Beyond the tangible tasks of addressing economic and health-care gaps, or dealing with a huge number of unemployed soldiers, are the mental and emotional challenges. Some 33,000 North Korean defectors live in South Korea, and if this group serves as a litmus test for integration, the prospects look bleak. These defectors face discrimination from South Koreans: North Koreans, with their distinct accents and smaller physical size, stick out. Most struggle to find jobs, and many end up living below the poverty line, overwhelmed by their new membership in one of the most modern, hyper-capitalist societies in Asia.
“The first difficulty for them,” says Thae Yong-ho, once North Korea’s deputy ambassador to the United Kingdom and one of its highest-level defectors, referring to his compatriots, “is they don’t know how to choose.”

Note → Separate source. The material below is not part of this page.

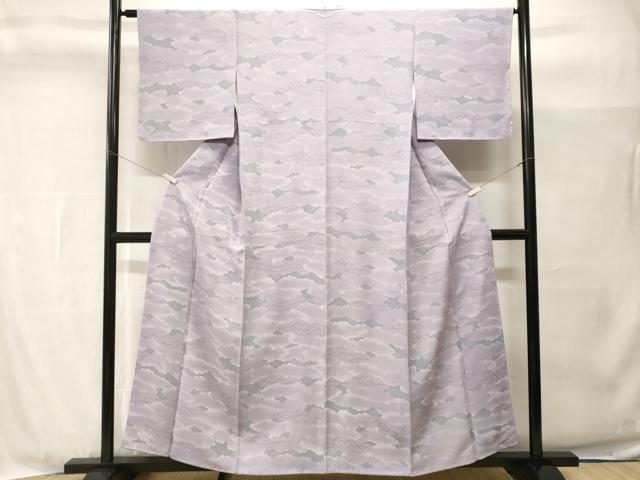 平和屋着物■上質な小紋　雲重ね芝草文　暈し染め　正絹　逸品　CABH9021ev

Thae recounts how even he, once among North Korea’s elite, still struggles with the array of choices inherent in even quotidian tasks in South Korea, from what to order off a restaurant menu to which bank to deposit his money in. “In North Korea, there is no opportunity to choose,” he says. “Everything is top-down. If you go to university, you are asked to study this subject or that. For jobs, they are assigned by the government. So North Korean people are not used to this kind of choosing culture.”
I am reminded of what Momper told me he did in Berlin: With so many things to deal with in those first 24 hours, he nevertheless arranged special bus lanes and shuttles to ferry hundreds of thousands of East Berliners to ooh and aah at KaDeWe, West Berlin’s iconic department store and a temple of consumerism. It was a trip that a young, then-anonymous Angela Merkel also made.

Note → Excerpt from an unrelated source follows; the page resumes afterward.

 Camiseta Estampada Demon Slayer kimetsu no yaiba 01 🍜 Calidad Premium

At the time, East Germans expected that “they’d all have a Mercedes or a BMW and be happily prosperous,” says Hope Harrison, the author of After the Berlin Wall. The array of choices had not yet been overtaken by the reality of what was to come, and the accompanying surprise and disappointment that would ensue. Even then, “choosing culture” for East Germans was not the Herculean psychological task it would be for North Koreans. Enough Easterners remembered a world before communism, and some even knew democracy from the Weimar period. North Koreans would need to learn not only how to choose what to buy, but also how to choose whom to lead them. Soberingly, many cannot entirely shed authoritarianism—defectors in the south have expressed dislike for democracy.
With so many factors, planning seems like the only way to mitigate disaster. One person I spoke to questioned the utility of preparedness, though: Momper, West Berlin’s last mayor. No amount of it, he believes, can anticipate what will actually happen.
“I don’t think it’s necessary or even good to makes plans for unification,” he says. “Because what I know about it is this: that it all comes differently from the way we plan it. Even the small parts of unification we had in the process—they were all for nothing.”
* This article originally misstated the amount of solidarity tax paid by German workers. The solidarity tax amounts to 5.5 percent of income tax paid, not 5.5 percent of total income.